In the scheme of things there aren’t many four digit PINs. The space is very small, at only 10000, so I wanted to find a league table of PINs from most commonly to least commonly used. Looking things up, I found an interesting article on the subject.

NB - This post modified from a series of posts I made to Mastodon three weeks ago…

So the article is here.

The full research, by data scientist Nick Berry1, is here.

Berry claims to have a large dataset showing how commonly each four digit PIN is used. Sensibly, he is very clear that he will not release this data:

… do not email me asking for the database I used; if you do, you will be wasting your time as I’m not going to respond. I’m not going to sell, donate or release the source data

Also Berry:

I love pretty ways to graphically vizualize data. Pictures really do paint thousands of words.

He continues:

Another interesting way to visualize the PIN data is in this grid plot of the distribution. In this heatmap, the x-axis depicts the left two digits from [00] to [99] and the y-axis depicts the right two digits from [00] to [99]. The bottom left is 0000 and the top right is 9999.

Nick Berry's PIN heatmap


To explain if not already clear: Berry has emphasised that he has no intention of releasing his PIN usage data, but by providing a heatmap based on it, he effectively has, at least for the part I am interested in. All that is required is to decode the heatmap. The whole dataset is still out of reach, but the full league table of PIN numbers is entirely encoded in the heatmap.

Long story short, I spent a happy evening writing this Ruby code.

It takes the provided heatmap image of the entire four digit PIN space (broadly speaking brighter is more widely used, darker less) and - very clunkily and slowly - this is not My Best Code - extracts the hex colour value, using the ImageMagick library, pixel by pixel, and matches it to the corresponding PIN.

Simply sorting the resulting output by raw hex value absolutely should not work. With a sensibly generated heatmap, why would it? There ought to be more steps to my solution than this. However, as it happens in this case, I think it basically does. Our top 20 and bottom 20 PINs are the pretty much the same as those listed in the article, except for a few that swap position due to loss of precision.

Is it possible that a heatmap decoded and sorted this way could preserve the top and bottom 20 elements of the list while effectivly yielding garbage in the rest of it? Perhaps it is? But if the colour values for the heatmap were chosen so as to obscure their exact origin, why preserve the forty most important items in the list? Even if accuracy gradually degrades with proximity to the middle of the list (that would seem fair) it seems like this data extract is still enough to get a vague idea of where in the overall table of PIN popularity a given PIN might sit. After all, I don’t need 100% accuracy. I just want to know if the PIN I have chosen is Demonstrably Stupid or not.

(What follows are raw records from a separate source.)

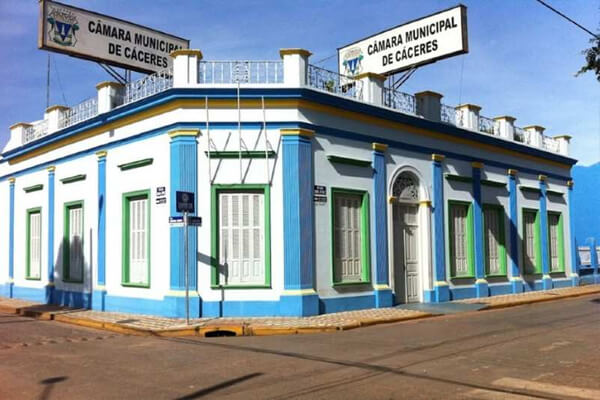 Câmara-de-Cáceres-aprova-auxílio-alimentação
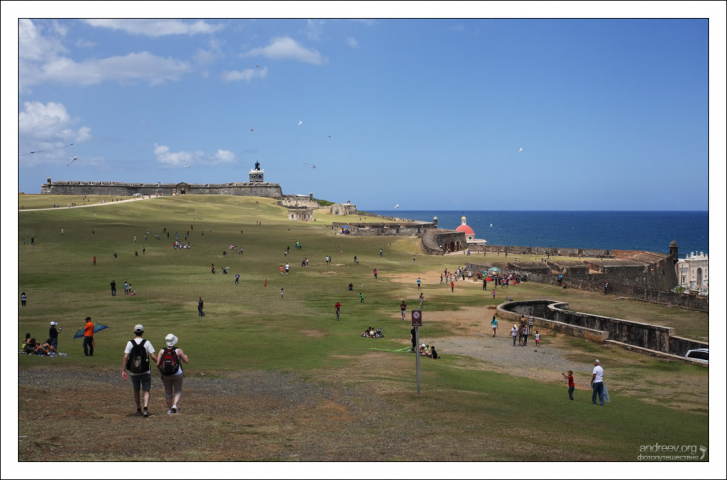 Соревнования по запуску воздушных змеев.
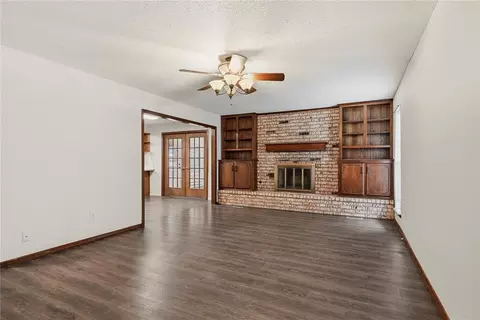 Living - 1701 Camelot Dr, Norman, OK 73069 photo 2 of 9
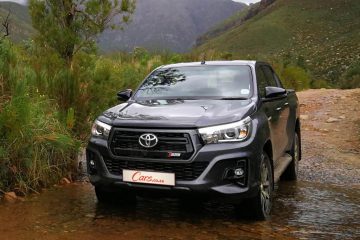 پشت فرمان تویوتا هایلوکس دو کابین ریدر داکار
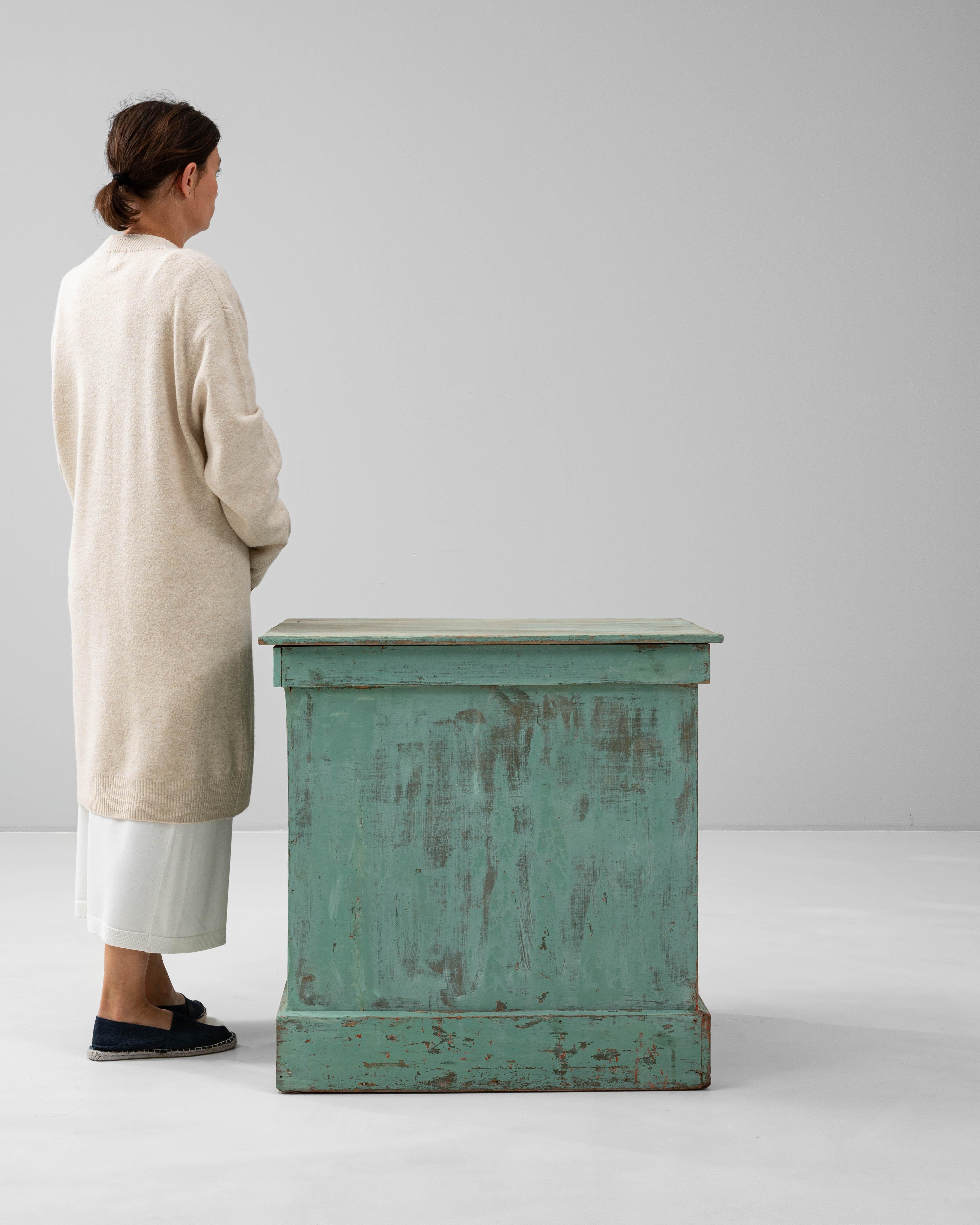 1900s French Wood Patinated Pedestal Francés en venta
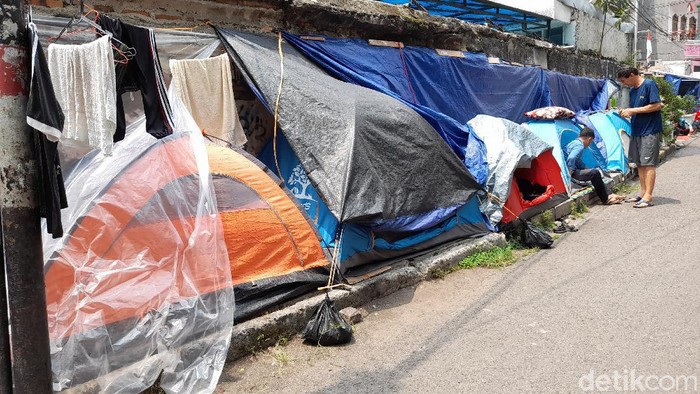 Pencari Suaka Afganistan Dirikan Tenda Ngungsi di Kawasan Kebon Sirih.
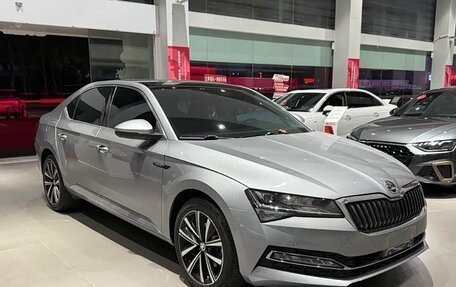 Skoda Superb III рестайлинг, 2023 год, 2 080 000 рублей, 5 фотография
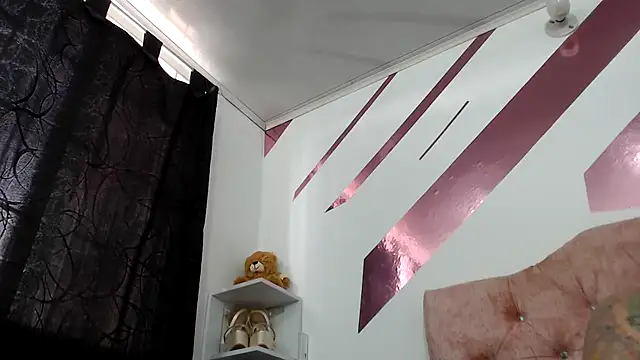 Snapshot of Kitten_Hot_ chatting on September 27, 3:06 pm Kitten Hot online show from September 27, 3:06 pm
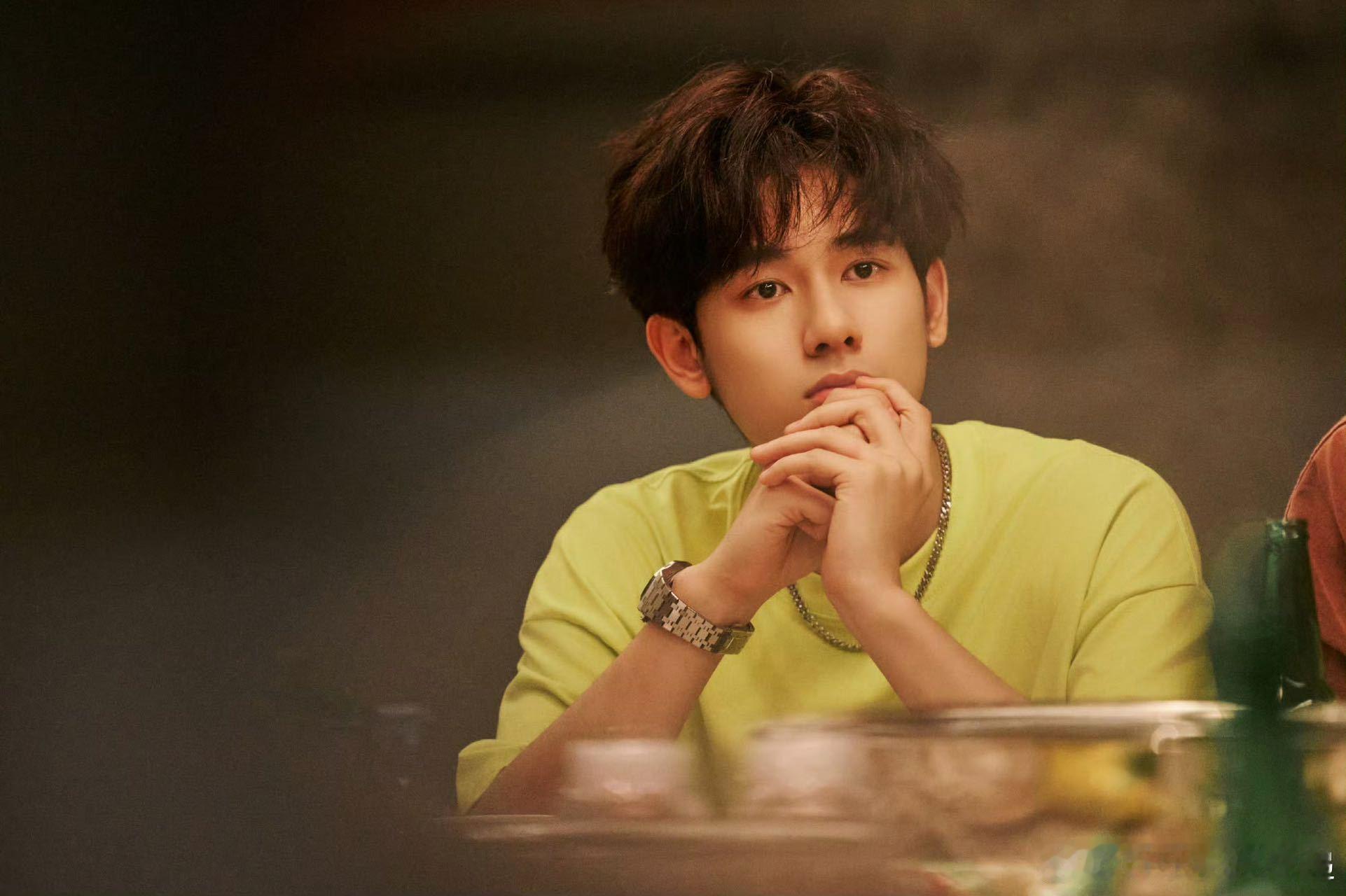 胡先煦曾回应AI对演员的冲击胡先煦说告诉观众我能比AI做的好清醒认知行业变革，自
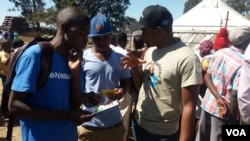 Youth Empowerment and Transformation Trust and other local NGOs officials explaining to youths in Harare the important of participate in the Monday Zimbabwe's general election, July 27, 2018. (S. Mhofu/VOA)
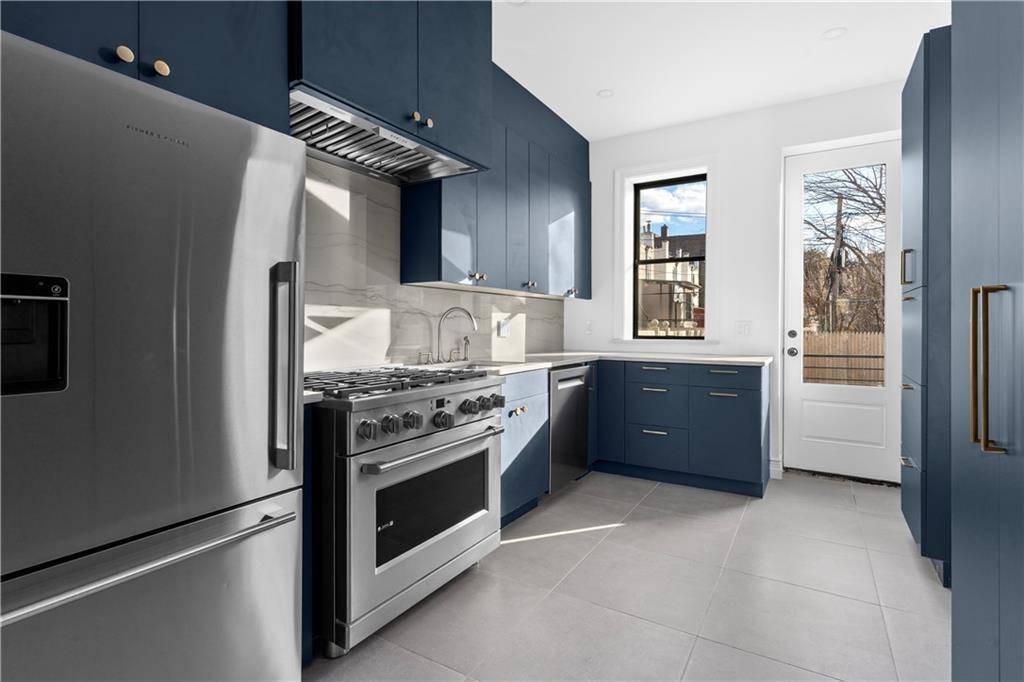 Brooklyn, NY 11226,2236 Vanderveer PL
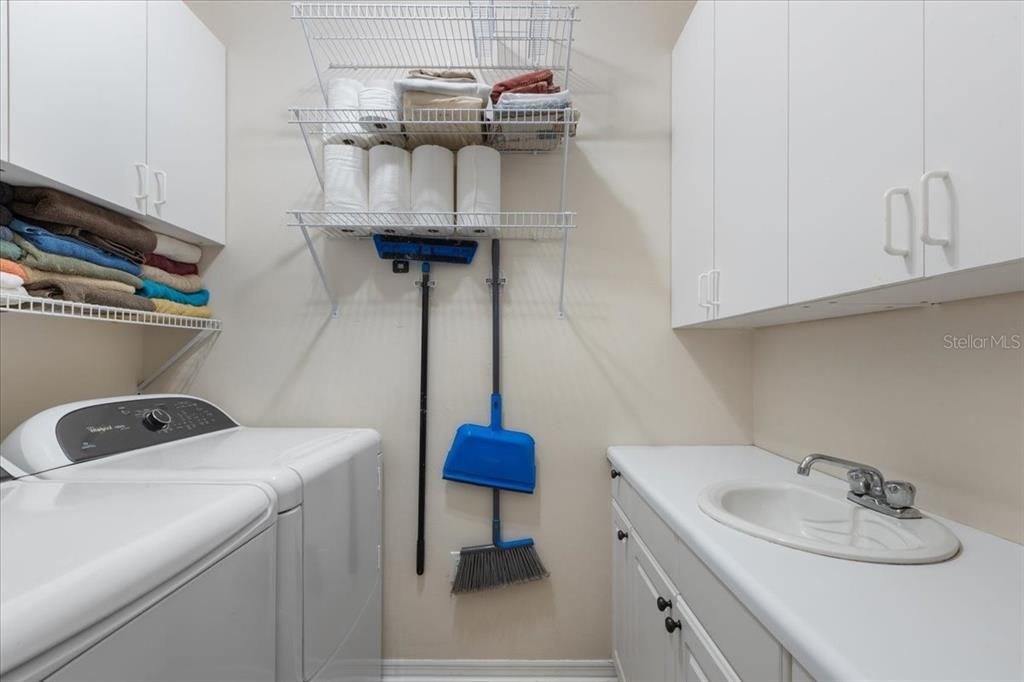 For Sale: $1,990,000 (4 beds, 4 baths, 2898 Square Feet)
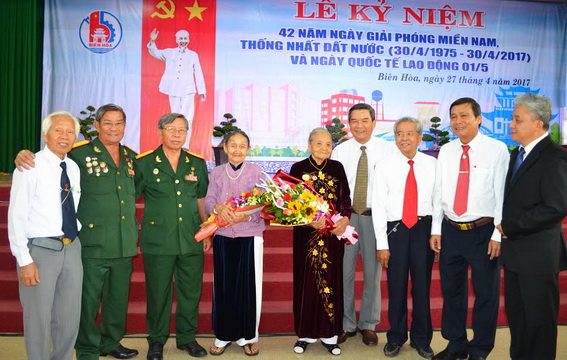 Gặp gỡ các mẹ Việt Nam anh hùng, anh hùng lực lượng vũ trang nhân dân, cán bộ lão thành và lãnh đạo TP.Biên Hòa tại buổi lễ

So. While I have not reconstructed the exact ordering of the 10000 possible 4-digit PINs in terms of popularity, it looks like I have managed to create a list that is close enough to the original to be of some use - this is to say: the ranking of the PIN in the output is likely to be fairly close to the ranking in the original data.

If you grab the image above and run my code against it, you can verify this for yourself.

My original Mastodon thread asked Should I go ahead and register / build which was a whimsical but admittedly massively dumb idea. I will be doing nothing of the sort.

1 - Sadly Nick Berry passed away last year. RIP, Nick. I would have loved to have discussed this with you.